§ **WHAT THIS TASK INVOLVES**
Pictures stay out of the answer, but every line of the material must be restated exactly.

§ **SUPPLIED DATA**
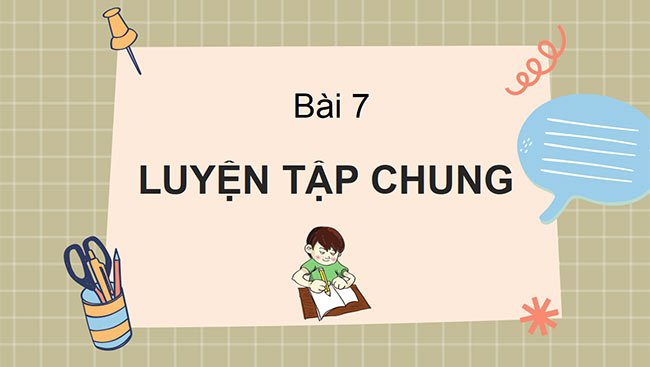 PowerPoint Luyện tập chung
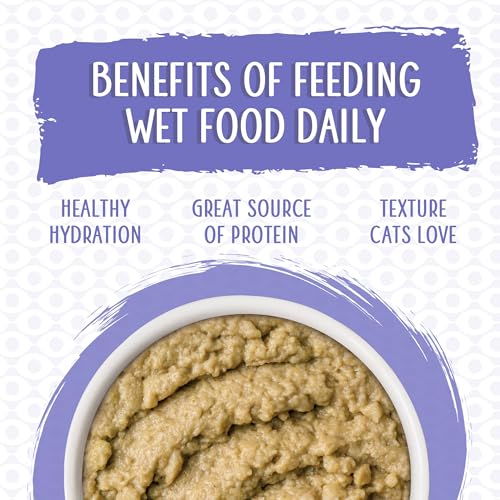 Slide N' Serve Paté Wet Cat Food (2.8 Ounce (Pack of 16))
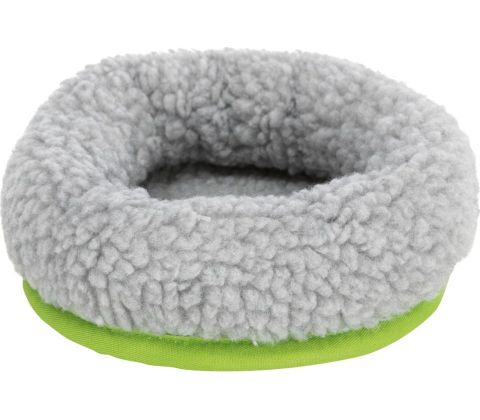 Hamsterseng m.lammeskind 16,5x15,5 cm, ass. farver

§ **REPLY TO THE EXERCISE**
 PowerPoint Luyện tập chung
 Slide N' Serve Paté Wet Cat Food (2.8 Ounce (Pack of 16))
 Hamsterseng m.lammeskind 16,5x15,5 cm, ass. farver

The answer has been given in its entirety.